Silvano, quanto è importante essere presenti qui oggi?

Siamo stati invitati dall’organizzatrice, ne ho parlato con il responsabile marketing e comunicazione ed eccoci qua. Nel mondo delle fiere si incontrano diversi attori. Partecipiamo agli incontri di settore per capire il mercato e cosa fanno gli altri players. Ma qui ci confrontiamo soprattutto con il mercato dei consumatori. È un’esperienza nuova e importante a Milano, perché i marchi sono prestigiosi. Avremo un report interessante, tornati a casa.

Quando e dove nasce la passione dei fratelli Papa per il cioccolato?

Stand PapaSiamo nati in Svizzera e tornati in Italia con i nostri genitori. Mia madre è di Gragnano e mio nonno era un mastro pastaio. Mio padre invece è di Cassino dove nel 1975 ha iniziato l’attività commerciale delle bomboniere nell’ambito cerimoniale. La tradizione commerciale ci ha portato in Molise, a Isernia, quando abbiamo deciso di espandere la produzione: nel ‘77 nasce il laboratorio e oggi è diventato il nostro mestiere, per il quale siamo conosciuti. Non più solo per i confetti, ma anche per il cioccolato grazie alla presenza nel canale dell’Ho.re.ca. con i monodose e a livello internazionale con l’esportazione di molti macaron.

Quali sono le vostre caratteristiche produttive?

La caratteristica dell’artigiano è quella di mantenere la lavorazione artigianale, ovvero lavorare i prodotti con cura, quella industriale è la capacità di trasformazione e la capacità di produzione come il controllo della qualità, i vari processi di delega e una capacità tecnologica che mantengano gli standard alti. La nostra sfida è mantenere la caratteristica di prodotto artigianale con una capacità di trasformazione importante.

Quanto è difficile fare impresa in Molise,?

L’impresa in Molise è complessa perché dovremmo avere una maggiore capacità come territorio di attirare talenti e imprese.

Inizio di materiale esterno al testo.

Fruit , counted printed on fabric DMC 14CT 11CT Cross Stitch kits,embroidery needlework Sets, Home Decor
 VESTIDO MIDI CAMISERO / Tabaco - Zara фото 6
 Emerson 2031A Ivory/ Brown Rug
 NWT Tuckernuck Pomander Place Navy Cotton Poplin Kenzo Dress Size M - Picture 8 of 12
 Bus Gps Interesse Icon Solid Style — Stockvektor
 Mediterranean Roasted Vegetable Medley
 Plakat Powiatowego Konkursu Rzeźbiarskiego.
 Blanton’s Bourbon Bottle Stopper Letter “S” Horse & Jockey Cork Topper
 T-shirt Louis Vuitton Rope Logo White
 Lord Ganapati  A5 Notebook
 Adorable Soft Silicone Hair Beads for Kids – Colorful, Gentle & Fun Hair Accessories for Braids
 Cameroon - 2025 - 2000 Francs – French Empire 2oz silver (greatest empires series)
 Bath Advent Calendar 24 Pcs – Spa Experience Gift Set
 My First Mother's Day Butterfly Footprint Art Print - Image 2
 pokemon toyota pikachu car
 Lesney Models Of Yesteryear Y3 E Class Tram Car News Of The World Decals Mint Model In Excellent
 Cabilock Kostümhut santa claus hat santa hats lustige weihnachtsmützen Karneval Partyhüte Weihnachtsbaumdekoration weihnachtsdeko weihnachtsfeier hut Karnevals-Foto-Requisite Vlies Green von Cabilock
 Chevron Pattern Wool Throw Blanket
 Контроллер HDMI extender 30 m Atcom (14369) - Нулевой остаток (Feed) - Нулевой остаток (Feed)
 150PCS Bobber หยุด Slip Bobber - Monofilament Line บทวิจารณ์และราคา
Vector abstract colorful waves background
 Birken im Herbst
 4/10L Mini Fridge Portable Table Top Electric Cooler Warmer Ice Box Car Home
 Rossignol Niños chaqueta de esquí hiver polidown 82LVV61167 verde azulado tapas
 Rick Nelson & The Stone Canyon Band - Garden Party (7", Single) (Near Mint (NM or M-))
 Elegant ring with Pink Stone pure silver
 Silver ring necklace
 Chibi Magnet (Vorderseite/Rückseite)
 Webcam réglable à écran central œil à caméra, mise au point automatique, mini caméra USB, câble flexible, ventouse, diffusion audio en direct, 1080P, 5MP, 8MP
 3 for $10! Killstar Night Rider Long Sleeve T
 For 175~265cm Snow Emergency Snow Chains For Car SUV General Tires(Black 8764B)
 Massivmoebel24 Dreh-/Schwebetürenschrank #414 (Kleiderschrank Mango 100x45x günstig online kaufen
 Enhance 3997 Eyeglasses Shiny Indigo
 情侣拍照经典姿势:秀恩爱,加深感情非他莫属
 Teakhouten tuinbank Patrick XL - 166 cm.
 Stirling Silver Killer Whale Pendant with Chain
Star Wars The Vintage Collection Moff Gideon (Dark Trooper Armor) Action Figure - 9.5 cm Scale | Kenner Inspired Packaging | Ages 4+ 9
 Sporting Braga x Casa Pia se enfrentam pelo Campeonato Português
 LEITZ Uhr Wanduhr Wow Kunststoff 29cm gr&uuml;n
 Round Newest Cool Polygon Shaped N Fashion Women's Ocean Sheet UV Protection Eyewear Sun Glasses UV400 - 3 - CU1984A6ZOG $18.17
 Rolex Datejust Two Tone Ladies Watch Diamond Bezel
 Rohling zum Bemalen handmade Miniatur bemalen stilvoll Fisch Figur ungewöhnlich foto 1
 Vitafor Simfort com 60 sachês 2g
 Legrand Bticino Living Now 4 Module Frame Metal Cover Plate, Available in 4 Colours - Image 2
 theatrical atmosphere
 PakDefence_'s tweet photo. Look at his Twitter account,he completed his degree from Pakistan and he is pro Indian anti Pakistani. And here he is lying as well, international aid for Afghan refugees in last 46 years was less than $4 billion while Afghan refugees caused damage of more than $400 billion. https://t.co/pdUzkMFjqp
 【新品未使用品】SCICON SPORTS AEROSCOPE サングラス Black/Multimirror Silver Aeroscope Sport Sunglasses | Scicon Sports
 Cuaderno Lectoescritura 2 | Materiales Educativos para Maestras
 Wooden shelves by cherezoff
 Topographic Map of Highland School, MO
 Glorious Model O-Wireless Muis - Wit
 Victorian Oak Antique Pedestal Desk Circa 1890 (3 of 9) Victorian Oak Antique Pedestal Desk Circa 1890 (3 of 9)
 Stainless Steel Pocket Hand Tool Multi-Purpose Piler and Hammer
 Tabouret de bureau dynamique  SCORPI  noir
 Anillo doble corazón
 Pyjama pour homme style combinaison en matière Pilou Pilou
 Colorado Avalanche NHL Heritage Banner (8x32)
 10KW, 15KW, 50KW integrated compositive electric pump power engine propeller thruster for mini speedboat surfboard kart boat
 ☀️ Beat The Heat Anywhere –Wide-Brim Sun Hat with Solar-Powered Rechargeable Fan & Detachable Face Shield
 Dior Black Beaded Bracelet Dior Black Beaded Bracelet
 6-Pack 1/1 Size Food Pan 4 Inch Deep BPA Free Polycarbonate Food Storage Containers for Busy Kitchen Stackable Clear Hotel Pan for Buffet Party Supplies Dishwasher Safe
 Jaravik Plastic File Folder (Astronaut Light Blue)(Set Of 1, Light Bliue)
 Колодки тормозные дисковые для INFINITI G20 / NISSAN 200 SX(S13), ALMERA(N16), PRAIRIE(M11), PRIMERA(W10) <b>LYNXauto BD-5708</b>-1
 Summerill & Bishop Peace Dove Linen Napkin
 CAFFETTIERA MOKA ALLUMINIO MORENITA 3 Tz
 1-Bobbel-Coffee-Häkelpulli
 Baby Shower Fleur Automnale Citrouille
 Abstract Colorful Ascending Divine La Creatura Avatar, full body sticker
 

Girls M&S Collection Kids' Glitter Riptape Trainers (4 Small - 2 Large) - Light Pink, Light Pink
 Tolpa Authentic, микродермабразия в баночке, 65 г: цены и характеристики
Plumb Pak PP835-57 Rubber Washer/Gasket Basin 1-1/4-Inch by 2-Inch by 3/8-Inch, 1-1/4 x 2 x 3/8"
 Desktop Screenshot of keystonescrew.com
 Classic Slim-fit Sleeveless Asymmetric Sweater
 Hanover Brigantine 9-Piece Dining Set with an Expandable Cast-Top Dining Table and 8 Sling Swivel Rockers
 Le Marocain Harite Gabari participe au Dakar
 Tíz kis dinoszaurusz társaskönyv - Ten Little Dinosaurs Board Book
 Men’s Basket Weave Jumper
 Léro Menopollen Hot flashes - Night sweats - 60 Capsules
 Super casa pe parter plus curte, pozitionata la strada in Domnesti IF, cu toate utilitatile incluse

Il principale limite è legato alle infrastrutture. Pensiamo ai treni con un solo binario, è un limite. Dovremmo avere una linea ferroviaria migliore. Abbiamo anche poche imprese.

Quanto vende Papa in Molise, in Italia e all’estero?

La nostra quota di mercato molisano nell’ambito italiano è la terza, dopo il Lazio e l’Abruzzo-Marche. All’estero abbiamo quote d’esportazioni importanti in venticinque paesi del mondo. La quota dell’export quest’anno (2016, ndr) ha superato la quota Italia: 54% export, 46% Italia, nel 2015 invece: 49% export, 51% Italia. L’estero ti offre un grande opportunità, si sfrutta il made in Italy.

E il made in Molise?

Prima del made in Molise, dobbiamo parlare del made in Italy. Purtroppo nel nostro territorio non si crea un network in grado di attirare.

Progetti per il futuro?

Pensiamo al ‘mondo’ delle mandorle, un prodotto tipico del nostro territorio. La filiera delle mandorle ci vede coinvolti come attori principali del territorio. L’obiettivo è quello di coltivare e selezionare le mandorle che siano idonee al nostro lavoro. Il progetto di filiera nasce dalla tradizione dei monaci benedettini di San Vincenzo e Montecassino, che rilanciarono la coltivazione delle mandorle utilizzandole nel mondo delle cerimonie come simbolo di fertilità. Questa tradizione mandorlifera si è persa per l’incuria. Sono piante che richiedono molta assistenza. Negli ultimi cento anni si è perso quasi tutto. La piazza di Bari fino agli anni ‘50 aveva la borsa mondiale per le mandorle, poi anche loro, infatuati dall’industrializzazione, hanno perso il rapporto con questo frutto. Negli ultimi anni hanno ripreso a coltivare e noi facciamo parte di quella schiera di aziende.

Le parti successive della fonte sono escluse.